W.S. Merwin Appointed Poet Laureate of the United States

A hearty congratulations goes out to W.S. Merwin who has been appointed Poet Laureate of the United States by the library of congress. His latest book The Shadow of Sirius won the Pulitzer prize for Poetry and can be purchased here. If you would like to send a personal congratulations to W.S. Merwin, Copper Canyon Press has provided the following link. His appointment is exciting for me as I have been thinking a lot about something W.S. Merwin said in an essay first published in 1956 but can be found in the more recent anthology Don’t Ask What I Mean: Poets In Their Own Words edited by Clare Brown and Don Paterson. His words, written over fifty years ago, are just as relevent today here in Canada:

"I think one of the dangers of modern poetry has been a tendancy to become inbred. Its small audience enhances the danger. It even seems possible for some poets to write as though critics, even particular schools of critics, were a fit and sufficient audience for poetry. I used to read all the articles in which critics kept working out reasons to prove how necessary and useful they are; but I don’t read those articles, or indeed critics, any more, and I can’t remember what the reasons were, even if I try very hard.

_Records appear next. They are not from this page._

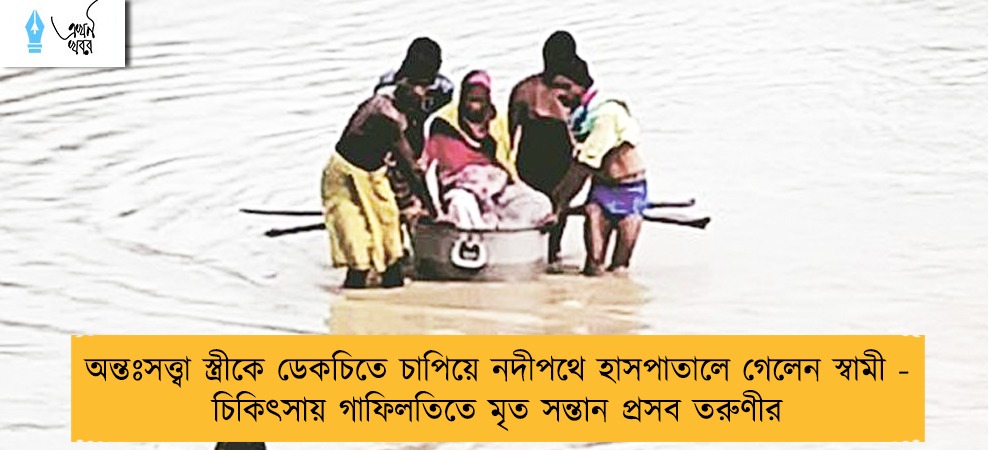 অন্তঃসত্ত্বা স্ত্রীকে ডেকচিতে চাপিয়ে নদীপথে হাসপাতালে গেলেন স্বামী - চিকিৎসায় গাফিলতিতে মৃত সন্তান প্রসব তরুণীর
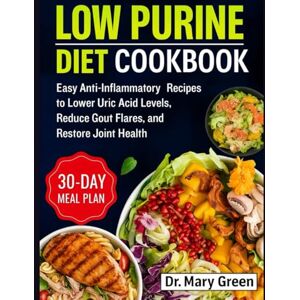 Green, Dr. Mary LOW PURINE DIET COOKBOOK: Easy Anti-Inflammatory Recipes to Lower Uric Acid Levels, Reduce Gout Flares, and Restore Joint Health Green, Dr. Mary LOW PURINE DIET COOKBOOK: Easy Anti-Inflammatory Recipes to Lower Uric Acid Levels, Reduce Gout Flares, and Restore Joint Health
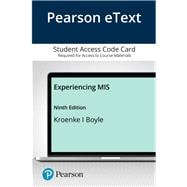 Pearson eText for Experiencing MIS -- Access Card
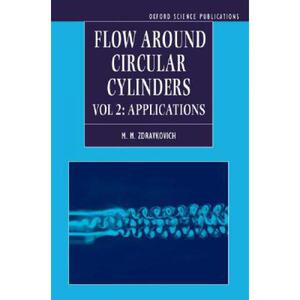 【4周达】Flow Around Circular Cylinders: Volume 2: Applications - Flow Around Circular Cylinders Appl... [9780198565611]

The other, main roots of my dislike, I suppose, are a distrust of generalization and abstraction; and a superstitious unwillingness to dissect the goose whose eggs, whatever their metal, are vitally important to me.

Which leads me to one of the few general statements I feel safe in making about poetry. It is a mystery. It is a metaphor of the other mysteries which comprise human experience. But like some other mysteries, it gives us a feeling of illumination…..I think of it as a way of using what we know to glimpse what we do not know.